Jusqu’à présent, le contrat tacite passé entre la majorité des services nés de l’ère Internet et le consommateur était simple: divertissement contre exposition consentie à une dose de publicité. Nous «payons» en accordant notre temps et notre capacité de concentration, un deal qui a donné naissance à l’économie dite de l’attention, nouvelle ressource rare et donc chère dans un monde de surabondance d’informations.
Mais voilà, écrit le magazine Wired, que de nouvelles pratiques remettent cet équilibre en question en nous exposant à des messages et des informations sans contrepartie et, plus grave, sans notre consentement. En d’autre terme, un vol de l’attention.

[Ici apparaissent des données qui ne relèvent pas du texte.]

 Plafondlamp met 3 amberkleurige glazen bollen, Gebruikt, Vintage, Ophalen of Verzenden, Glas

«Le vol de l’attention a lieu partout où votre temps et votre attention sont pris sans votre consentement», précise l’article. Les exemples les plus manifestes de ce larcin cérébral sont les situations qui font de nous des audiences captives, comme les écrans placés sur le dossier du siège devant le nôtre en avion et plus généralement les écrans placés dans des lieux publics. Aux Etats-Unis, une chaîne de télévision qui diffuse ses programmes sur les pompes à essence pendant que l'usager fait le plein en est l'illustration parfaite.

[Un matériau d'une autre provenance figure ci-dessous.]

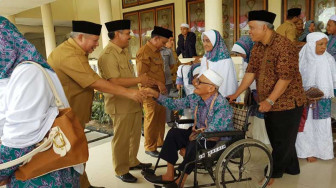 Bupati Tanjabbar Lepas 285 Jemaah Calon Haji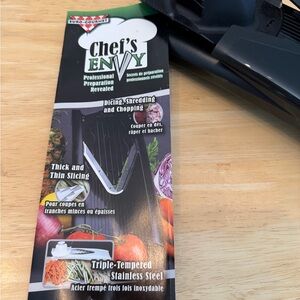 Chef's Envy Mandoline Slicer - Black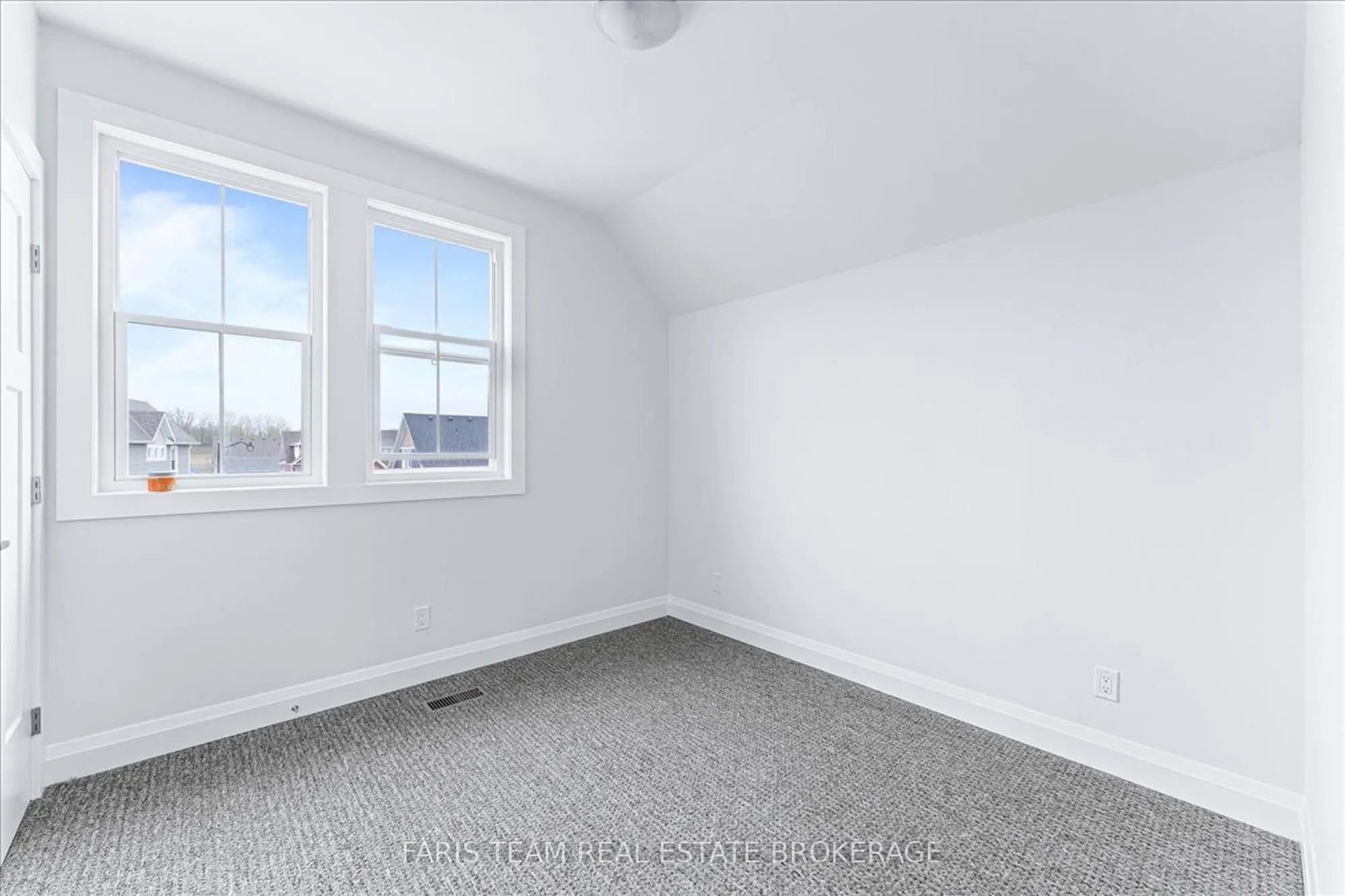 27 Julia Crescent, #41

Collectivement, ces inventions «menacent de nous faire vivre dans un cocon d’écrans alignés, lequel nous laisse dans un état plus proche de la larve que du papillon, ratatiné et incapable d’une pensée libre.» Or, poursuit Wired, dans l’économie de l’attention celle-ci acquiert une valeur marchande que se disputent ou s’échangent les entreprises du secteur de la production d’information. Et, si ces dernières captent notre esprit facilement distrait sans notre consentement explicite ni, comme c’était le cas jusqu’à présent sur Internet, sans contrepartie, «ça n’est pas vraiment différent d’une personne qui prend de l’argent de votre porte-monnaie».
Les questions soulevées par ces nouvelles approches sont à la fois sanitaires, dans la mesure où l’exposition permanente et hachée à des écrans et des informations peut user nos capacités cognitives, et morales, puisque notre autonomie d’individu et notre libre-arbitre sont entamés et grignotés par ces dispositifs.
Serons-nous capables, individuellement ou collectivement, de boycotter certaines de ces offres imposées d’attention? Les pouvoirs publics devront-ils réguler le paysage informationnel qui tend à se fondre dans les infrastructures matérielles préexistantes?